Earth Station Design
Figure 1 shows the preliminary block diagram of the proposed Earth station transmitter which can transmit signals using 3 frequencies 81 GHz, 84.5 GHz and 86 GHz. A fixed pseudorandom bit sequence is generated by the processor which also applies an appropriate rate Turbo code. A software defined radio then performs the required modulation and the digital to analog conversion. These operations are assumed to happen at 1 GHz in the software defined radio and components will be chosen accordingly in this stage. The modulated analog signal is then up converted to an intermediate frequency in the range 31-36 GHz using a VCO that operates within 30-35 GHz. The second stage of up conversion is performed by the use of a 50 GHz PLDRO to bring the signal up to a frequency range of 81-86 GHz. This is then filtered and passed onto a driver amplifier.
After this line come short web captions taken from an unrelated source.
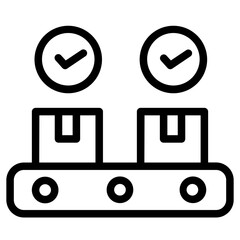 Poster - Check Failure Quality Line Icon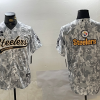 Men's Pittsburgh Steelers Team Logo 2024 Arctic Camo Salute to Service Stitched Baseball Jerseys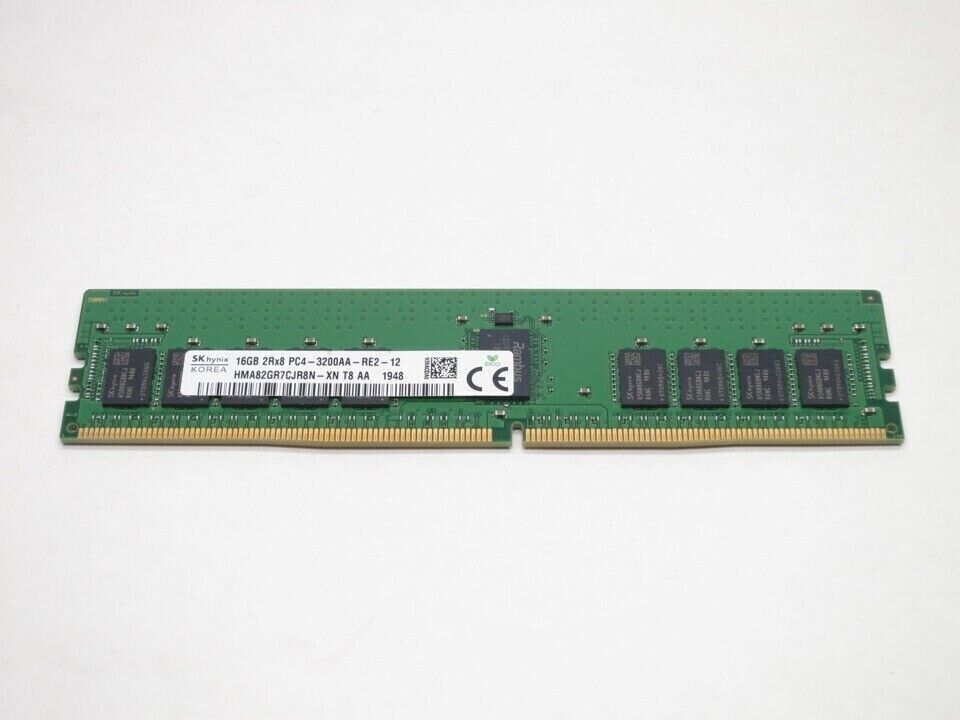 New SK Hynix HMA82GR7CJR8N-XN 16GB DDR4-3200 RDIMM PC4-25600 ECC REG Memory RAM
A klystron is proposed to be used as the high power amplifier because of its capability to put out high output powers in the range of tens of kW[1]. A preliminary analysis of the clear day link budgets for the W band uplink at 86GHz led us to choose such a high power amplifier despite its high cost (see the W band uplink & downlink budgets section for more details).
Figure 1. Preliminary earth station transmitter block diagram
The receiver on the Earth station (as shown in the block diagram in Figure 2) is designed to receive the 71 GHz downlink signal from the satellite transponder and is proposed to have a cryogenically cooled InP HEMT LNA at its front end to reduce the receiver noise temperature to less than 36 K (at a physical temperature of 20 K) [2]. The reason for using cryogenic cooling for the LNAs is also based on our preliminary clear day link budgets for the V band downlink. The limitations on the transmit output power (75W using TWTAs) from the satellite transponder coupled with the high path and atmospheric losses predicted a high system outage probability (see W band uplink & downlink budgets section for more details). Hence, devices that would give us any SNR improvement (although expensive) are proposed to be used. The amplified signal is filtered and is down converted in two stages to bring it down to 1 GHz baseband. Once again, a software defined radio is proposed to be used to demodulate followed by the BER and SNR calculation in the processor. The data is then stored to be used for statistical characterization of the W-band. Plans to integrate this receiver with that of the beacon for optimization will be further investigated in Phase 1.
Figure 2. Preliminary earth station receiver block diagram
References:
[1] R. J. Trew, “High-Frequency Solid-State Electronic Devices,” IEEE Transactions on Electron Devices, vol. 52, no. 5, pp. 638-649, May 2005.
[2] L. Samoska, S. Church, K. Cleary, A. K. Fung, T. Gaier, P. Kangaslahti, R. Lai, J. Lau, X. B. Mei, M. M. Sieth, R. Reeves, and P. Voll, “Cryogenic MMIC low noise amplifiers for W-band and beyond,” inProc. 22nd International Symposium on Space Terahertz Technology, Tucson, AZ, April 2011.